TASK BRIEF ->
Everything from the opening line of the listing below to the line that has "Klymit Insulated Static", inclusive, should be returned exactly, except the pictures.
____
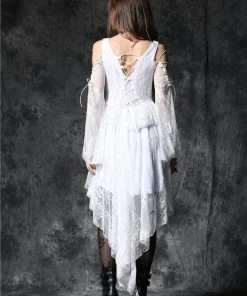 Dark In Love Gothic Ghost Dovetail Lace Dress White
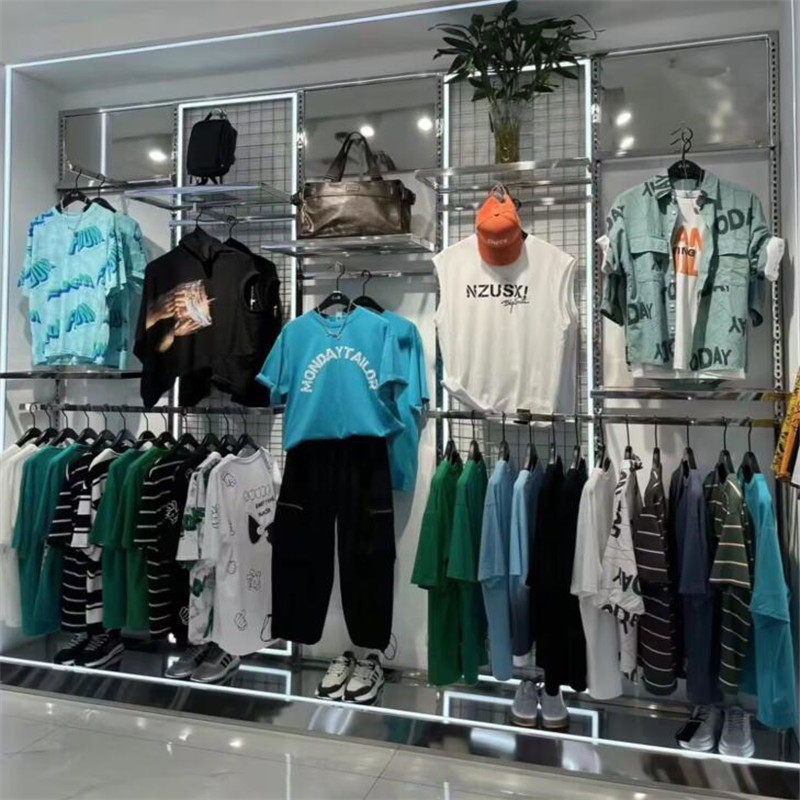 服装店展示架上墙不锈钢背板男装挂衣服架带灯陈列架壁挂式中岛架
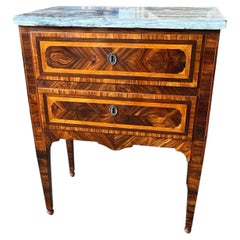 Italian Neoclassical Nightstand With Walnut Inlay and Thick Marble Top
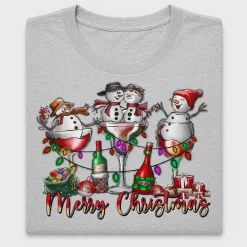Merry Christmas Wine Snowman DTF Transfer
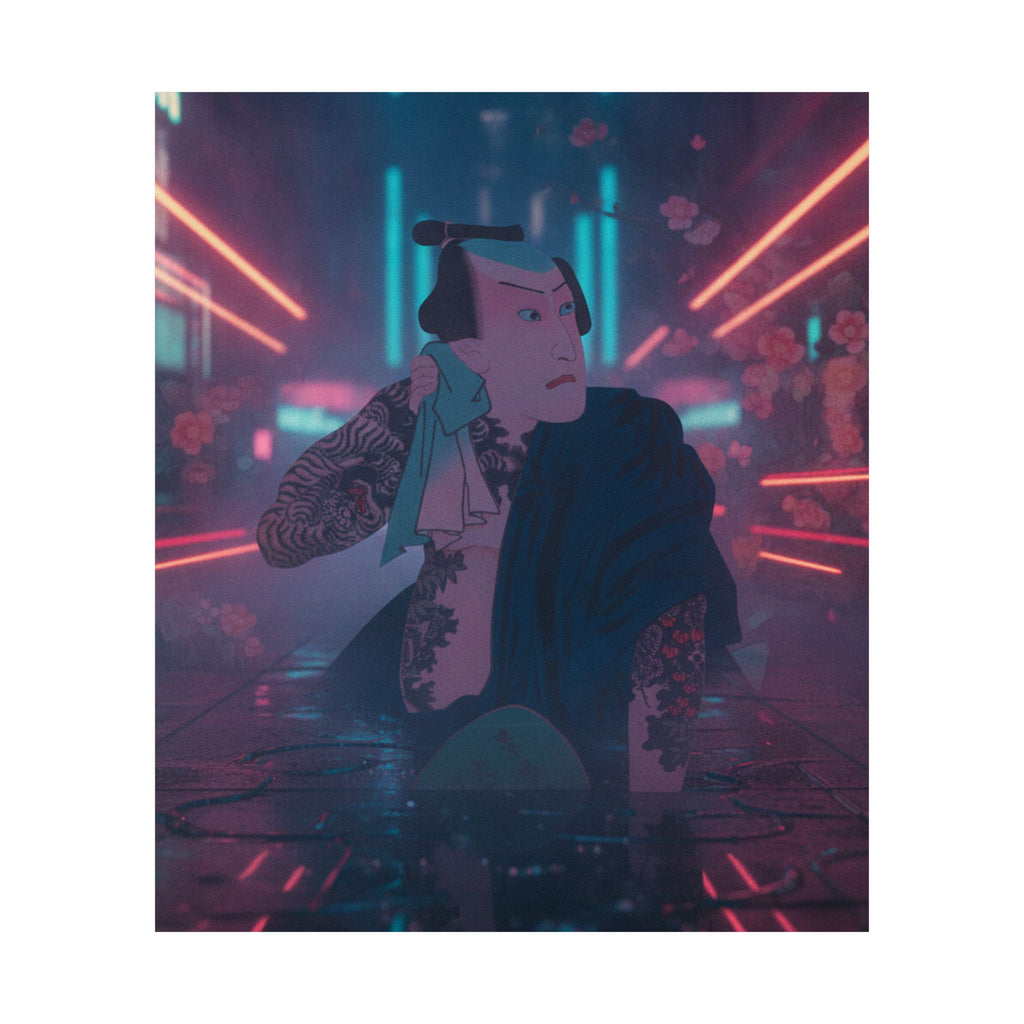 Neon Noir — The Actor Kawarazaki Gonjūrō I As Ude No Kisaburō, Likened To Wu Song The Asceti — Matte Poster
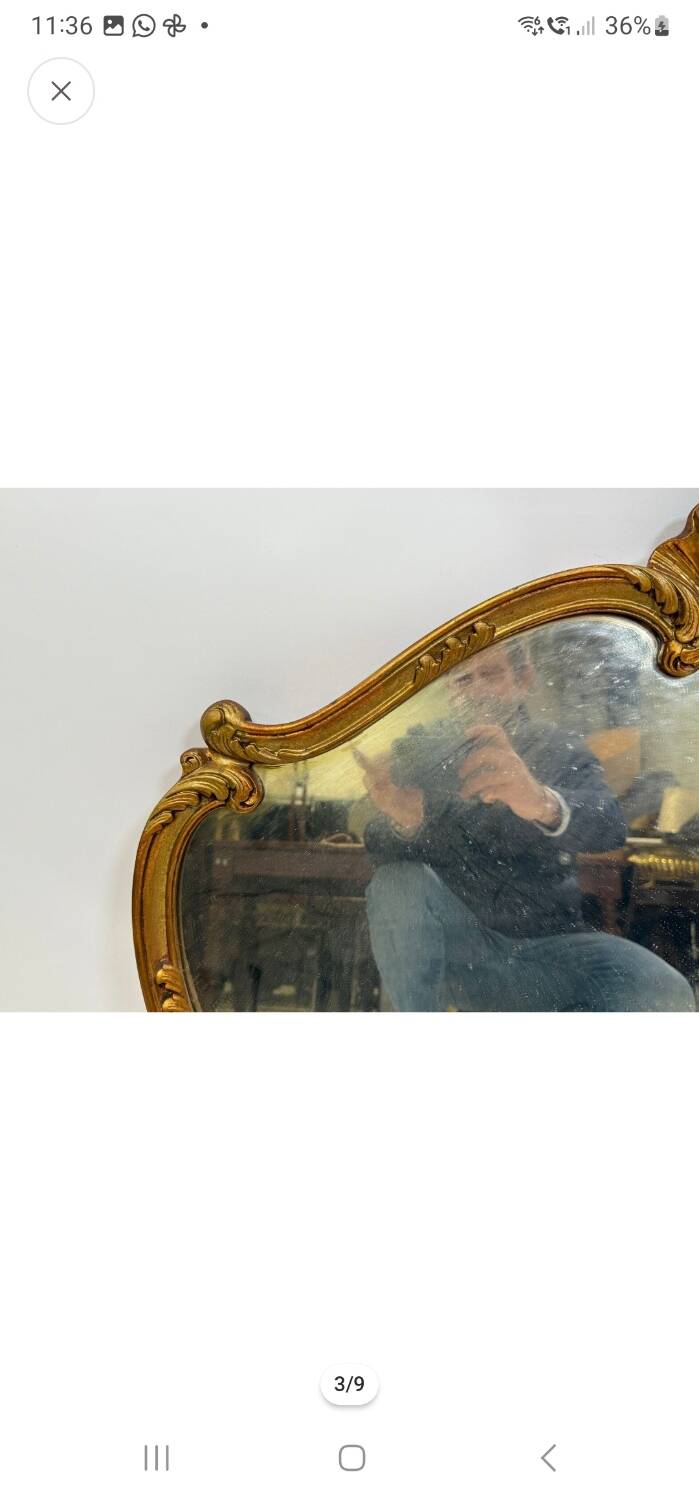 Antique mirror, 20th century, Louis XV style, gilded.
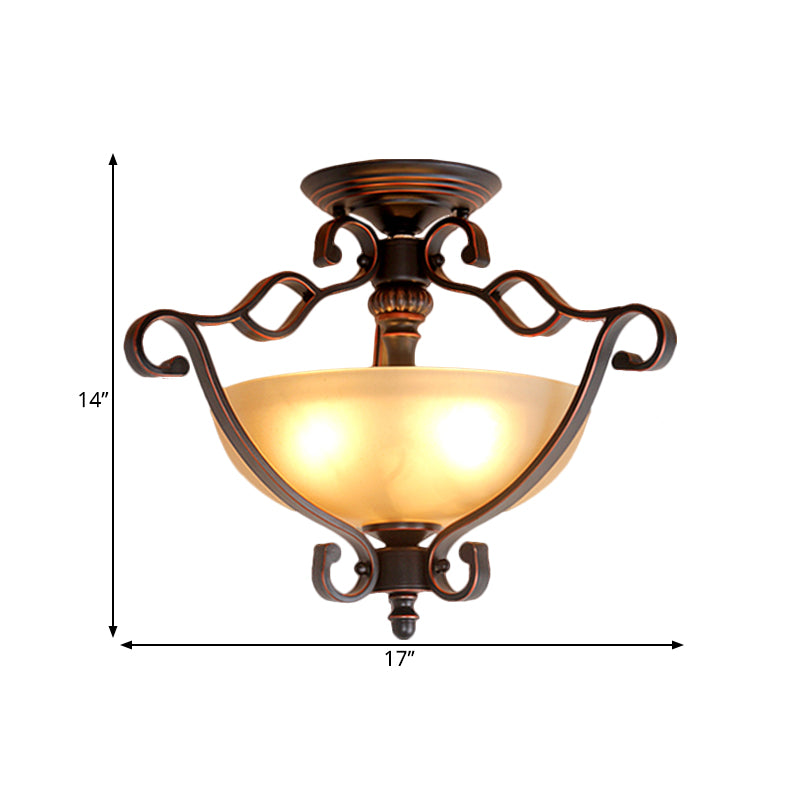 Frosted Glass Rustic Semi Flush LED Bedroom Light in Bronze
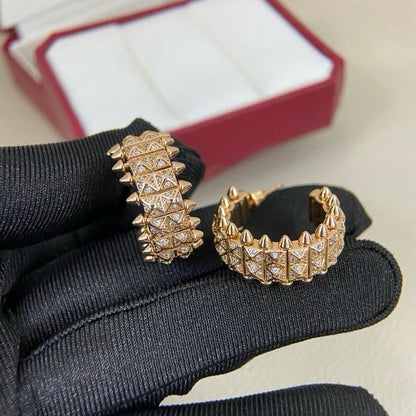[Rani Jewelry] CLASH 9.2MM FULL DIAMOND DOUBLE ROW EARRINGS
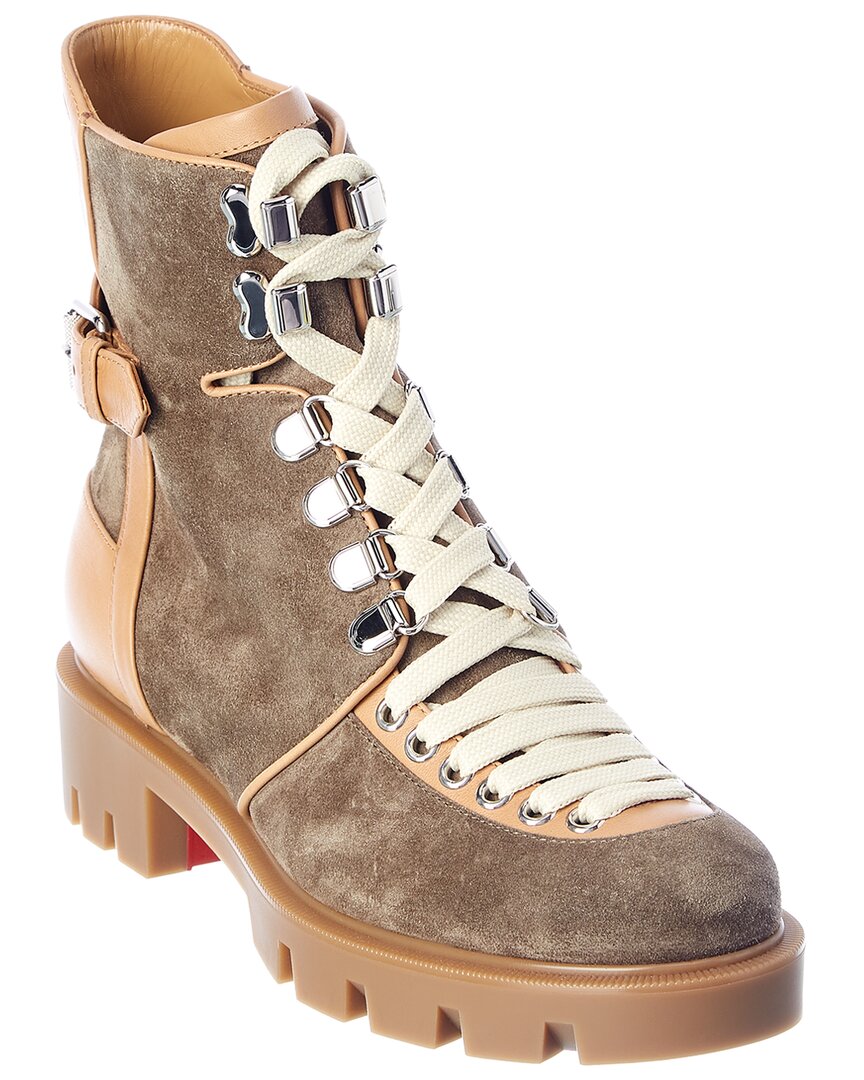 CHRISTIAN LOUBOUTIN MACADEMIA SUEDE & LEATHER COMBAT BOOT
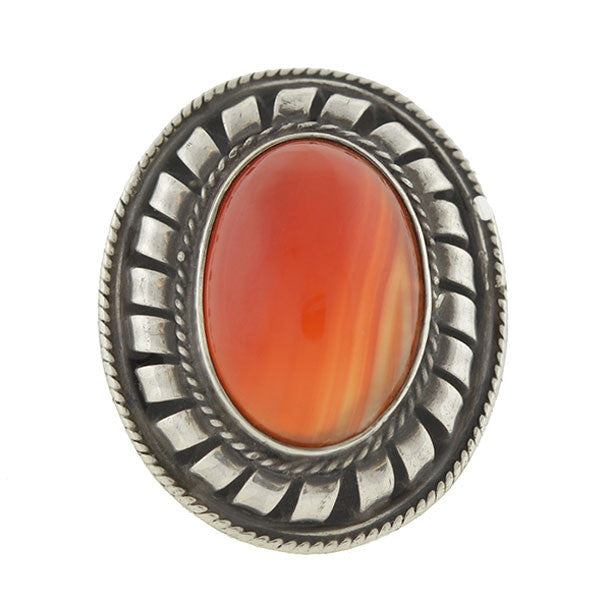 Vintage stamped carnelian stone good 800 silver pull pin bracelet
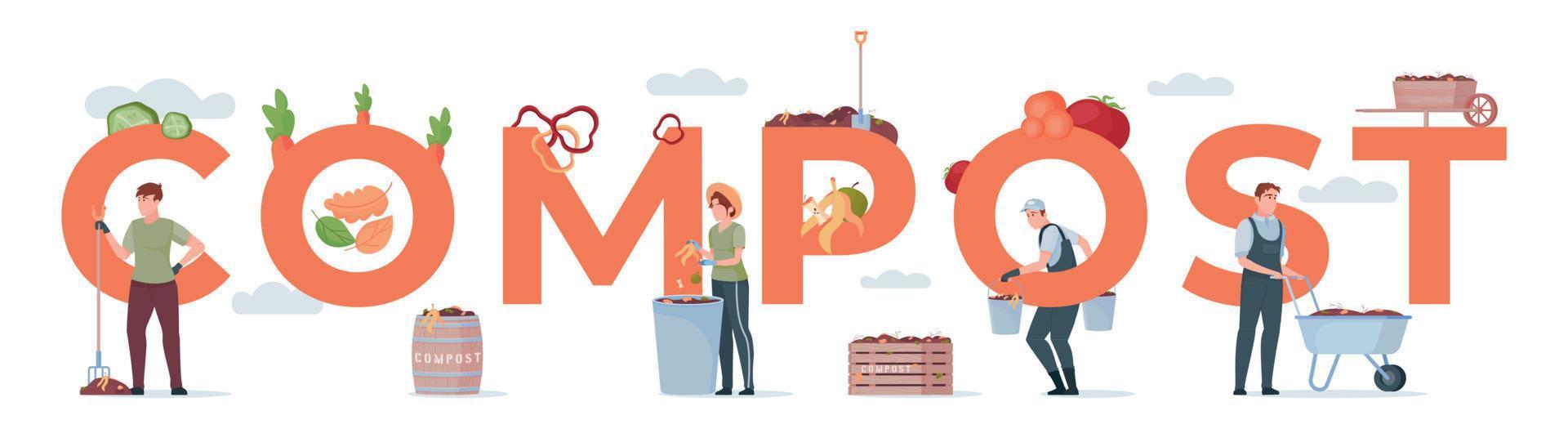 Compost Flat Text Composition vector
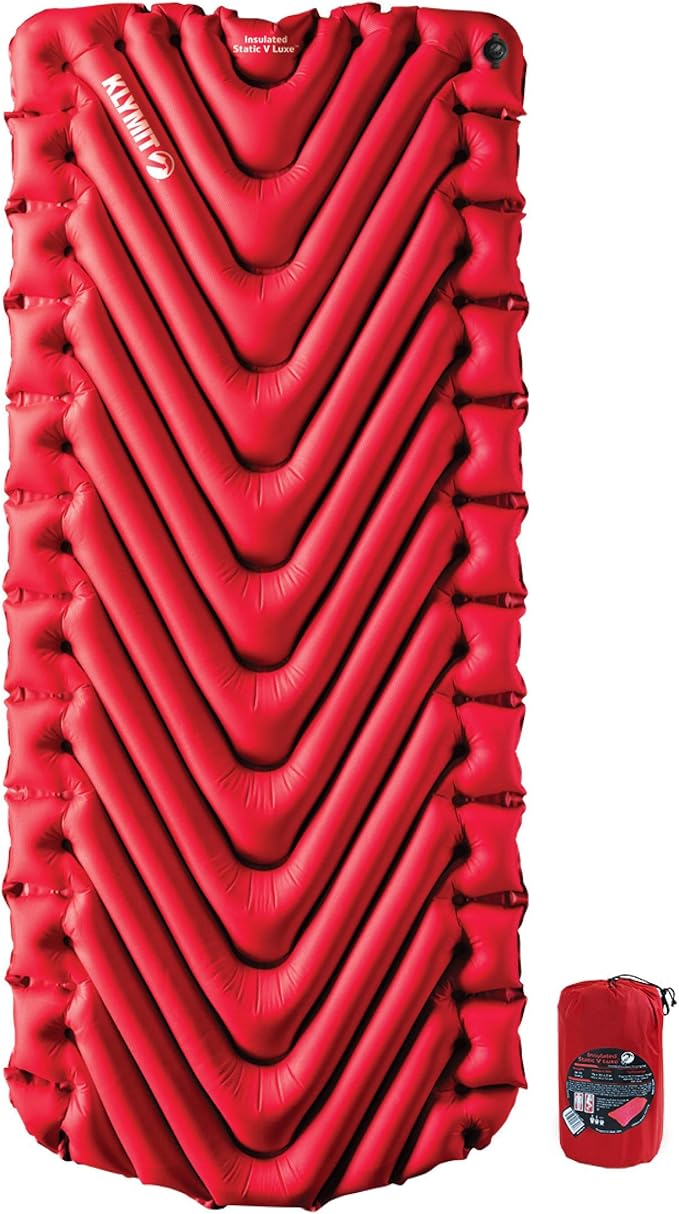 Klymit Insulated Static V Luxe Inflatable Sleeping Pad for Camping, Lightweight Hiking and Backpacking Air Bed for Cold Weather,Red & Insulated Static V Inflatable Sleeping Pad for Camping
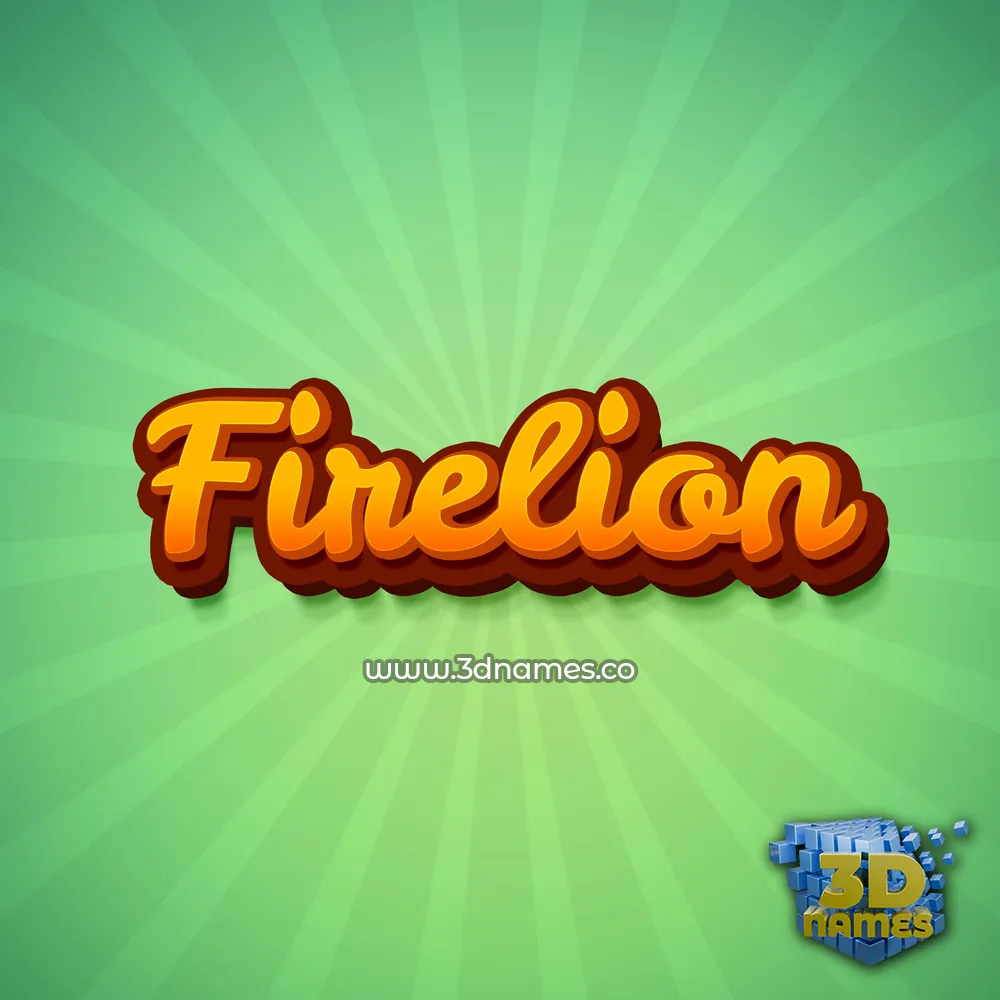 firelion in Green Rays style - 3D name wallpaper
____
TASK RESPONSE ->
 Dark In Love Gothic Ghost Dovetail Lace Dress White
 服装店展示架上墙不锈钢背板男装挂衣服架带灯陈列架壁挂式中岛架
 Italian Neoclassical Nightstand With Walnut Inlay and Thick Marble Top
Merry Christmas Wine Snowman DTF Transfer
 Neon Noir — The Actor Kawarazaki Gonjūrō I As Ude No Kisaburō, Likened To Wu Song The Asceti — Matte Poster
 Antique mirror, 20th century, Louis XV style, gilded.
 Frosted Glass Rustic Semi Flush LED Bedroom Light in Bronze
[Rani Jewelry] CLASH 9.2MM FULL DIAMOND DOUBLE ROW EARRINGS
 CHRISTIAN LOUBOUTIN MACADEMIA SUEDE & LEATHER COMBAT BOOT
 Vintage stamped carnelian stone good 800 silver pull pin bracelet
 Compost Flat Text Composition vector
 Klymit Insulated Static V Luxe Inflatable Sleeping Pad for Camping, Lightweight Hiking and Backpacking Air Bed for Cold Weather,Red & Insulated Static V Inflatable Sleeping Pad for Camping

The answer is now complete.